---------- EXERCISE MATERIAL ----------

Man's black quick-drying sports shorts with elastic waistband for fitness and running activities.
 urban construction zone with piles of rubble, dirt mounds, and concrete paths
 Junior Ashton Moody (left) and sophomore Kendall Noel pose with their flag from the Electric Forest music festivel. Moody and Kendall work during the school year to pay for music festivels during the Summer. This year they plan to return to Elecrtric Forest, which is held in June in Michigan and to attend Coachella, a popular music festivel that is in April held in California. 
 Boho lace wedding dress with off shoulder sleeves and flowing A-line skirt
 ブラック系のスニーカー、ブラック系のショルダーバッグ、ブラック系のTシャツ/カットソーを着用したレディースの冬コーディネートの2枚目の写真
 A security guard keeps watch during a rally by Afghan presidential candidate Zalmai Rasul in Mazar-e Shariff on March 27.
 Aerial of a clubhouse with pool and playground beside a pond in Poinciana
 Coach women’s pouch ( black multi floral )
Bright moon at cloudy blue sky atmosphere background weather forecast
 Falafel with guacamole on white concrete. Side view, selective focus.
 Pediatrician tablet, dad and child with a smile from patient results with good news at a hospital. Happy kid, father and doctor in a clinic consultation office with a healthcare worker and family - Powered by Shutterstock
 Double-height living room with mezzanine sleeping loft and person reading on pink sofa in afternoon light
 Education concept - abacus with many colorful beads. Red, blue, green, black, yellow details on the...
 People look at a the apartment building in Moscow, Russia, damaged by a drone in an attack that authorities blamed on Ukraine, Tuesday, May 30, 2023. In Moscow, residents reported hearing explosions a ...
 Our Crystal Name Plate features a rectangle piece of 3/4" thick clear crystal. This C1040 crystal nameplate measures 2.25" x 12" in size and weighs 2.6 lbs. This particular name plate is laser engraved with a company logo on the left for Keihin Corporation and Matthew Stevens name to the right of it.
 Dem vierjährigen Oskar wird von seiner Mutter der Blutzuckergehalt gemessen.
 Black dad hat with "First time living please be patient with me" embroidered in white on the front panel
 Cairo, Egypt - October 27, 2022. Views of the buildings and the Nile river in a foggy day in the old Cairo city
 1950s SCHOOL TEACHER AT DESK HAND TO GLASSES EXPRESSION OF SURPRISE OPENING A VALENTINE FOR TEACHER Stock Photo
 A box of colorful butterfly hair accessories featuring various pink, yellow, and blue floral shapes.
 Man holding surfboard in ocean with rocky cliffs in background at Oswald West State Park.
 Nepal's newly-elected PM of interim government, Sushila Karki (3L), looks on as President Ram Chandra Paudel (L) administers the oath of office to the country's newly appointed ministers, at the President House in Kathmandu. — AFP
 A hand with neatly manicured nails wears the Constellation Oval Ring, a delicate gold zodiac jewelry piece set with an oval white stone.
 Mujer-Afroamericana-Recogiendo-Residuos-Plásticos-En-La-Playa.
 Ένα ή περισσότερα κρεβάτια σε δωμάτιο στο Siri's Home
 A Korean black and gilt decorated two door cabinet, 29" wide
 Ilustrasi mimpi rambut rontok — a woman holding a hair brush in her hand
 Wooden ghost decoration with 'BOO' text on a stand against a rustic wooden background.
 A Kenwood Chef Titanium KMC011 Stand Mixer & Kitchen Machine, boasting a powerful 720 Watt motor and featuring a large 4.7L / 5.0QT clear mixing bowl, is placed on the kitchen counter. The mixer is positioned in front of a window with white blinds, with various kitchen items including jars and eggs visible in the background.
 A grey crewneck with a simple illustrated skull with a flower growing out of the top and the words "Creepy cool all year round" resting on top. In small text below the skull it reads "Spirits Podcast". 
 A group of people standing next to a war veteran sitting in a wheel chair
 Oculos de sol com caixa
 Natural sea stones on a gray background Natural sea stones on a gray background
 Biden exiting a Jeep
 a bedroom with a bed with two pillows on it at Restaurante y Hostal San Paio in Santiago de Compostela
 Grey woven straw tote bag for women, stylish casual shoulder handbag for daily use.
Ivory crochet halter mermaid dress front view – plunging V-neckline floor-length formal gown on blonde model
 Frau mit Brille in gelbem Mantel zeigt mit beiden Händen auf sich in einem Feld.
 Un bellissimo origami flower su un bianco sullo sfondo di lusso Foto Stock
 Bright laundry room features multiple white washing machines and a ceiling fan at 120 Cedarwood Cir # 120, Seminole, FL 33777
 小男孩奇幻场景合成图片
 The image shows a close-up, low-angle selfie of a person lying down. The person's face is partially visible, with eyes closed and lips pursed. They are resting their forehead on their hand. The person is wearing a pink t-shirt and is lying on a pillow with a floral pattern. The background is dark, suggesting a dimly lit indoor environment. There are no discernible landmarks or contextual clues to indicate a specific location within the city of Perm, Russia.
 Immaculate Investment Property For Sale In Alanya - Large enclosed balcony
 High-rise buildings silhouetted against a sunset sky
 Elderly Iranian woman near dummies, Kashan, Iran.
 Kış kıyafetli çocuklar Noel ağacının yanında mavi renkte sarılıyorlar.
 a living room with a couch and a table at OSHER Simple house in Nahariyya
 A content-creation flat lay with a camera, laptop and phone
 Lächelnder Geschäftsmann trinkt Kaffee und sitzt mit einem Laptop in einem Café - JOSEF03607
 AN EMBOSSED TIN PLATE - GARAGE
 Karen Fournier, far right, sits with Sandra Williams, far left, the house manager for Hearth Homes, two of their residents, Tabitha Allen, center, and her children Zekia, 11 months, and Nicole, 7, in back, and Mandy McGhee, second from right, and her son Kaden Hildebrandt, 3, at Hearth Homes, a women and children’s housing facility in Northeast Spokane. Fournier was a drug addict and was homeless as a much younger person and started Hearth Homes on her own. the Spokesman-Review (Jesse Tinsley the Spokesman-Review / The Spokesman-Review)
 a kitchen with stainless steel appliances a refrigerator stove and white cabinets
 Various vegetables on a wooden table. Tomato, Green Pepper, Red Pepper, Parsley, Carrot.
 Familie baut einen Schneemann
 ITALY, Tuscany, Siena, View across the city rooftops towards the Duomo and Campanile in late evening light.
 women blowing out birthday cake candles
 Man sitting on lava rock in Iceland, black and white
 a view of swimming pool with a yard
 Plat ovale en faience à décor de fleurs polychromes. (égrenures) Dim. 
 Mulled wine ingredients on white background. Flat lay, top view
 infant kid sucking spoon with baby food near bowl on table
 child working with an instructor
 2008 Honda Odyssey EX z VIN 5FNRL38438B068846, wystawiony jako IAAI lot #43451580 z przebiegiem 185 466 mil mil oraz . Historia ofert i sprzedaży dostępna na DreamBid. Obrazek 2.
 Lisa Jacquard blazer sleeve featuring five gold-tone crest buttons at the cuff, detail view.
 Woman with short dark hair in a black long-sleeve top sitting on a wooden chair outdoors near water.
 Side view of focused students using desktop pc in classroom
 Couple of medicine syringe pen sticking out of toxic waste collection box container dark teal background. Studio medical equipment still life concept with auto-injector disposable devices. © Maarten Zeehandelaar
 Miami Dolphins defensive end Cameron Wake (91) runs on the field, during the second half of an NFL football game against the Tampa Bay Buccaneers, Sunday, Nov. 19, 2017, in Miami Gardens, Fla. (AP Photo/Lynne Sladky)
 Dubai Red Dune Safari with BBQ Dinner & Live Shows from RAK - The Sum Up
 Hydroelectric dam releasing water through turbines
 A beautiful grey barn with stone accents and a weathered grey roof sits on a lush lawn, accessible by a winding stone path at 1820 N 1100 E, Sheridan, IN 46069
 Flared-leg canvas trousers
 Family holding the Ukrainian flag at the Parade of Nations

----------

* **TASK BRIEF**
Output all of the records above exactly as they appear.

* **SOLUTION TO THE PROBLEM**
Man's black quick-drying sports shorts with elastic waistband for fitness and running activities.
 urban construction zone with piles of rubble, dirt mounds, and concrete paths
 Junior Ashton Moody (left) and sophomore Kendall Noel pose with their flag from the Electric Forest music festivel. Moody and Kendall work during the school year to pay for music festivels during the Summer. This year they plan to return to Elecrtric Forest, which is held in June in Michigan and to attend Coachella, a popular music festivel that is in April held in California. 
 Boho lace wedding dress with off shoulder sleeves and flowing A-line skirt
 ブラック系のスニーカー、ブラック系のショルダーバッグ、ブラック系のTシャツ/カットソーを着用したレディースの冬コーディネートの2枚目の写真
 A security guard keeps watch during a rally by Afghan presidential candidate Zalmai Rasul in Mazar-e Shariff on March 27.
 Aerial of a clubhouse with pool and playground beside a pond in Poinciana
 Coach women’s pouch ( black multi floral )
Bright moon at cloudy blue sky atmosphere background weather forecast
 Falafel with guacamole on white concrete. Side view, selective focus.
 Pediatrician tablet, dad and child with a smile from patient results with good news at a hospital. Happy kid, father and doctor in a clinic consultation office with a healthcare worker and family - Powered by Shutterstock
 Double-height living room with mezzanine sleeping loft and person reading on pink sofa in afternoon light
 Education concept - abacus with many colorful beads. Red, blue, green, black, yellow details on the...
 People look at a the apartment building in Moscow, Russia, damaged by a drone in an attack that authorities blamed on Ukraine, Tuesday, May 30, 2023. In Moscow, residents reported hearing explosions a ...
 Our Crystal Name Plate features a rectangle piece of 3/4" thick clear crystal. This C1040 crystal nameplate measures 2.25" x 12" in size and weighs 2.6 lbs. This particular name plate is laser engraved with a company logo on the left for Keihin Corporation and Matthew Stevens name to the right of it.
 Dem vierjährigen Oskar wird von seiner Mutter der Blutzuckergehalt gemessen.
 Black dad hat with "First time living please be patient with me" embroidered in white on the front panel
 Cairo, Egypt - October 27, 2022. Views of the buildings and the Nile river in a foggy day in the old Cairo city
 1950s SCHOOL TEACHER AT DESK HAND TO GLASSES EXPRESSION OF SURPRISE OPENING A VALENTINE FOR TEACHER Stock Photo
 A box of colorful butterfly hair accessories featuring various pink, yellow, and blue floral shapes.
 Man holding surfboard in ocean with rocky cliffs in background at Oswald West State Park.
 Nepal's newly-elected PM of interim government, Sushila Karki (3L), looks on as President Ram Chandra Paudel (L) administers the oath of office to the country's newly appointed ministers, at the President House in Kathmandu. — AFP
 A hand with neatly manicured nails wears the Constellation Oval Ring, a delicate gold zodiac jewelry piece set with an oval white stone.
 Mujer-Afroamericana-Recogiendo-Residuos-Plásticos-En-La-Playa.
 Ένα ή περισσότερα κρεβάτια σε δωμάτιο στο Siri's Home
 A Korean black and gilt decorated two door cabinet, 29" wide
 Ilustrasi mimpi rambut rontok — a woman holding a hair brush in her hand
 Wooden ghost decoration with 'BOO' text on a stand against a rustic wooden background.
 A Kenwood Chef Titanium KMC011 Stand Mixer & Kitchen Machine, boasting a powerful 720 Watt motor and featuring a large 4.7L / 5.0QT clear mixing bowl, is placed on the kitchen counter. The mixer is positioned in front of a window with white blinds, with various kitchen items including jars and eggs visible in the background.
 A grey crewneck with a simple illustrated skull with a flower growing out of the top and the words "Creepy cool all year round" resting on top. In small text below the skull it reads "Spirits Podcast". 
 A group of people standing next to a war veteran sitting in a wheel chair
 Oculos de sol com caixa
 Natural sea stones on a gray background Natural sea stones on a gray background
 Biden exiting a Jeep
 a bedroom with a bed with two pillows on it at Restaurante y Hostal San Paio in Santiago de Compostela
 Grey woven straw tote bag for women, stylish casual shoulder handbag for daily use.
Ivory crochet halter mermaid dress front view – plunging V-neckline floor-length formal gown on blonde model
 Frau mit Brille in gelbem Mantel zeigt mit beiden Händen auf sich in einem Feld.
 Un bellissimo origami flower su un bianco sullo sfondo di lusso Foto Stock
 Bright laundry room features multiple white washing machines and a ceiling fan at 120 Cedarwood Cir # 120, Seminole, FL 33777
 小男孩奇幻场景合成图片
 The image shows a close-up, low-angle selfie of a person lying down. The person's face is partially visible, with eyes closed and lips pursed. They are resting their forehead on their hand. The person is wearing a pink t-shirt and is lying on a pillow with a floral pattern. The background is dark, suggesting a dimly lit indoor environment. There are no discernible landmarks or contextual clues to indicate a specific location within the city of Perm, Russia.
 Immaculate Investment Property For Sale In Alanya - Large enclosed balcony
 High-rise buildings silhouetted against a sunset sky
 Elderly Iranian woman near dummies, Kashan, Iran.
 Kış kıyafetli çocuklar Noel ağacının yanında mavi renkte sarılıyorlar.
 a living room with a couch and a table at OSHER Simple house in Nahariyya
 A content-creation flat lay with a camera, laptop and phone
 Lächelnder Geschäftsmann trinkt Kaffee und sitzt mit einem Laptop in einem Café - JOSEF03607
 AN EMBOSSED TIN PLATE - GARAGE
 Karen Fournier, far right, sits with Sandra Williams, far left, the house manager for Hearth Homes, two of their residents, Tabitha Allen, center, and her children Zekia, 11 months, and Nicole, 7, in back, and Mandy McGhee, second from right, and her son Kaden Hildebrandt, 3, at Hearth Homes, a women and children’s housing facility in Northeast Spokane. Fournier was a drug addict and was homeless as a much younger person and started Hearth Homes on her own. the Spokesman-Review (Jesse Tinsley the Spokesman-Review / The Spokesman-Review)
 a kitchen with stainless steel appliances a refrigerator stove and white cabinets
 Various vegetables on a wooden table. Tomato, Green Pepper, Red Pepper, Parsley, Carrot.
 Familie baut einen Schneemann
 ITALY, Tuscany, Siena, View across the city rooftops towards the Duomo and Campanile in late evening light.
 women blowing out birthday cake candles
 Man sitting on lava rock in Iceland, black and white
 a view of swimming pool with a yard
 Plat ovale en faience à décor de fleurs polychromes. (égrenures) Dim. 
 Mulled wine ingredients on white background. Flat lay, top view
 infant kid sucking spoon with baby food near bowl on table
 child working with an instructor
 2008 Honda Odyssey EX z VIN 5FNRL38438B068846, wystawiony jako IAAI lot #43451580 z przebiegiem 185 466 mil mil oraz . Historia ofert i sprzedaży dostępna na DreamBid. Obrazek 2.
 Lisa Jacquard blazer sleeve featuring five gold-tone crest buttons at the cuff, detail view.
 Woman with short dark hair in a black long-sleeve top sitting on a wooden chair outdoors near water.
 Side view of focused students using desktop pc in classroom
 Couple of medicine syringe pen sticking out of toxic waste collection box container dark teal background. Studio medical equipment still life concept with auto-injector disposable devices. © Maarten Zeehandelaar
 Miami Dolphins defensive end Cameron Wake (91) runs on the field, during the second half of an NFL football game against the Tampa Bay Buccaneers, Sunday, Nov. 19, 2017, in Miami Gardens, Fla. (AP Photo/Lynne Sladky)
 Dubai Red Dune Safari with BBQ Dinner & Live Shows from RAK - The Sum Up
 Hydroelectric dam releasing water through turbines
 A beautiful grey barn with stone accents and a weathered grey roof sits on a lush lawn, accessible by a winding stone path at 1820 N 1100 E, Sheridan, IN 46069
 Flared-leg canvas trousers
 Family holding the Ukrainian flag at the Parade of Nations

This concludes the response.